Das vierte Element des Achtfachen Pfades ist der rechte Lebenswandel. Es gibt viele Menschen, die ihr Geld mit Sexarbeit verdienen, und für manche mag das in Ordnung und mit ihrer Menschenwürde vereinbar sein. Doch es gibt in der Sexarbeit auch Lebenssituationen, die menschenunwürdig sind und mit furchtbarer Ausbeutung einher gehen. Und während Erotik inspirierend und ästhetisch sein kann, kann Pornografie eine Kultur der Erniedrigung erzeugen. Sie kann unser Verhältnis zur Sexualität und zu unseren Sexualpartnerinnen und -partnern schwer verwirren und insgesamt in der Gesellschaft, besonders bei Jugendlichen, einen enormen Schaden anrichten.
Das rechte Bemühen ist die fünfte Ebene des Achtfachen Pfades. Hier geht es um das Bemühen, ungeschickte und ungesunde Verhaltensweisen zu vermeiden und gesunde Geisteszustände zu kultivieren. Wenn wir für die Menschen, mit denen wir zusammen sind, präsent und klar sein möchten, müssen wir lernen, uns von Unzufriedenheit, Angst, Gier und Verlorenheit fortzubewegen und uns auf Zufriedenheit, Friedfertigkeit, Gleichmut, ein erhöhtes Bewusstsein und eine erhöhte Aufmerksamkeit zuzubewegen. Das gilt in der Sexualität genauso wie in anderen Lebensbereichen.
Sex mit Achtsamkeit
Dabei unterstützt uns die siebte Ebene des Achtfachen Pfades – die Achtsamkeitspraxis, die uns hilft, sorgfältig darauf zu achten, was in diesem Moment vor sich geht. Wir bleiben aufmerksam und mit uns selbst in Kontakt, anstatt uns völlig zu verlieren. Wenn es um Sex geht, verlieren Menschen schnell ihren klaren Geist, doch das ist vielleicht gar nicht so gut. Besser wäre es, in Verbindung zu bleiben und herauszufinden, was gerade geschieht. Was motiviert uns in diesem Moment? Welche Gefühle, Vorstellungen, Anspannungen mischen sich hinein? Sexuelle Aktivitäten sind ja nicht selten eine Flucht vor Unsicherheit, Ungewissheit oder Spannungen in einer Beziehung; sie können eine Suche nach Halt sein oder auch eine Form, einander Zuneigung und Entgegenkommen auszudrücken. Im Sex geht also viel vor sich; er ist eine Kommunikation mit vielen subtilen Ebenen. Wir können sie wahrnehmen, wenn wir aufmerksam und anwesend bleiben.

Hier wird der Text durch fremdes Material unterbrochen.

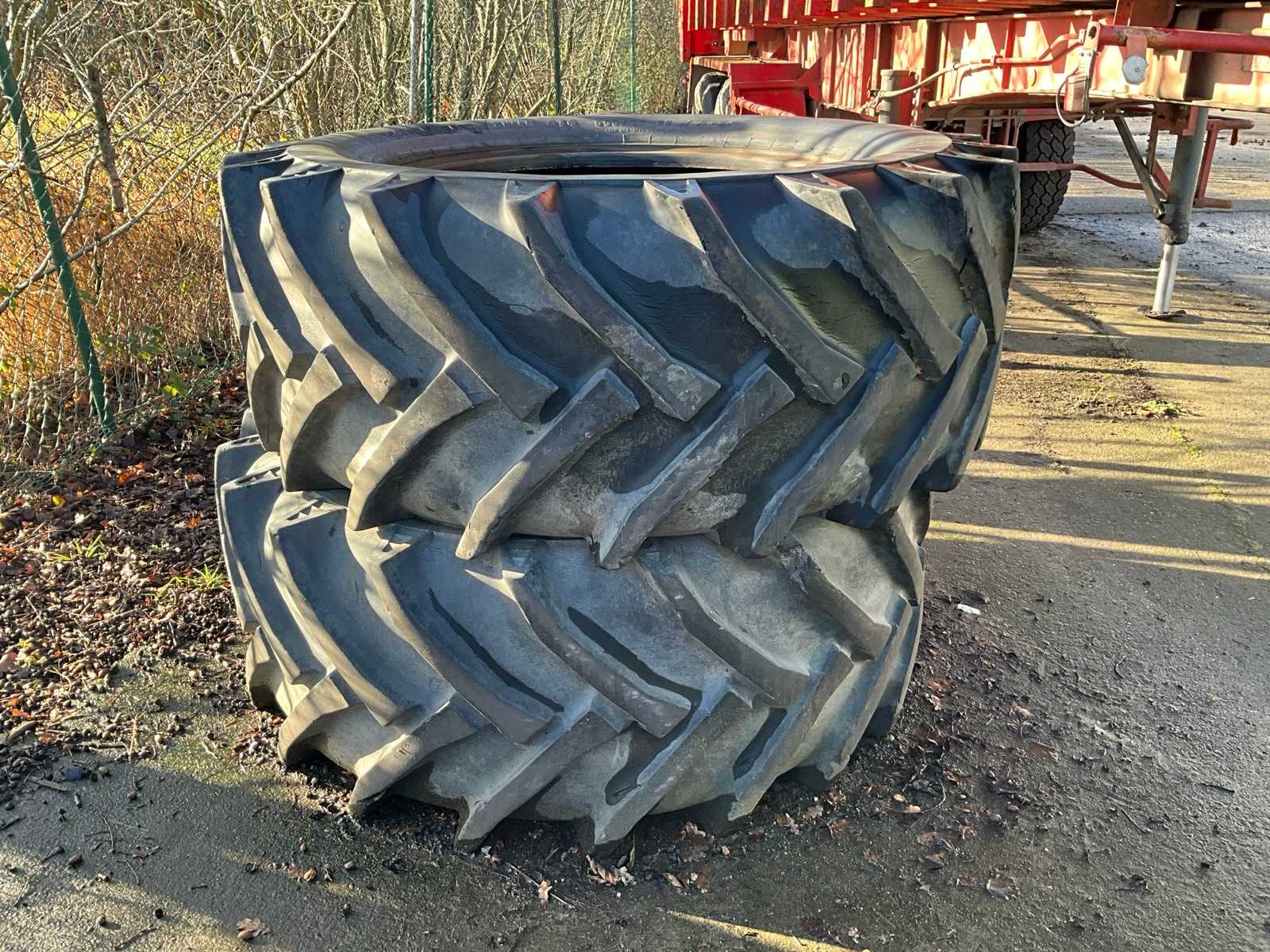 Trelleborg Agricultural Tire (2x)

Das achte Element des Achtfachen Pfades ist die richtige Konzentration. Ein konzentrierter Meditationszustand ist ein Zustand der Einheit und Ganzheit. In diesem Zustand fühlen wir uns nicht mehr von uns selbst getrennt oder in uns zersplittert, sondern die vielen Energien in unserem Körper und unserem Geist kommen auf harmonische Weise zusammen. Konzentration kann in Menschen ein tiefes Gefühl des Wohlbehagens auslösen, des Glücks, der Freude und sogar der Ekstase. Deshalb hat der Buddha auch speziell über den Wert der Konzentration gesprochen, um Anhaftungen an sinnliche und sexuelle Vergnügungen zu überwinden. Wenn man eine Freude kennt, die länger anhält und mehr Ekstase auslöst als Sex oder ein Orgasmus, dann verändert sich auch die Perspektive auf die Sexualität.

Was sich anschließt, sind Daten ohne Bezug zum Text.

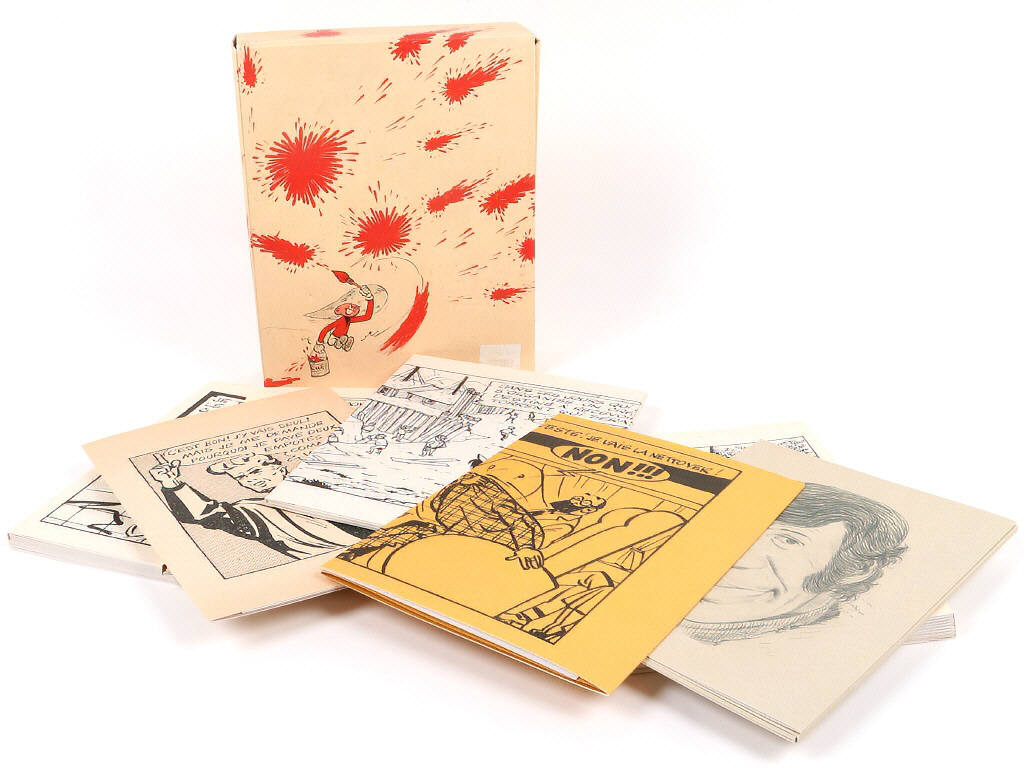 Lot 6 - DIVERS (1)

Sex als Liebe und Fürsorge
Versuchen wir abschließend noch einmal, das sexuelle Leben in eine größere Perspektive zu rücken. Sexualität kann eine tiefe Form der Kommunikation darstellen und Liebe, Fürsorge, Verbundenheit und tiefe Gemeinschaft zum Ausdruck bringen. Leider sind wir oft abgelenkt und innerlich in andere Themen verwickelt. Uns fehlt die Fähigkeit, zur Ruhe zu kommen und diese tiefe Verbindung überhaupt herzustellen. Ich kenne viele Menschen, die früher sexuell überaus aktiv waren und später von sich sagen mussten, dass sie ihre vielen Partnerinnen oder Partner nie wirklich gekannt haben: Weil die Beziehungen oberflächlich blieben, blieb es auch die Sexualität.
Den Achtfachen Pfad auf unsere Beziehungen und auch auf unsere Sexualität anzuwenden, spricht dem sexuellen Leben einen größeren Wert zu, es wird bedeutungsvoller und wir gehen in diesem Prozess eine tiefere Verbindung zu uns selbst und zu anderen ein.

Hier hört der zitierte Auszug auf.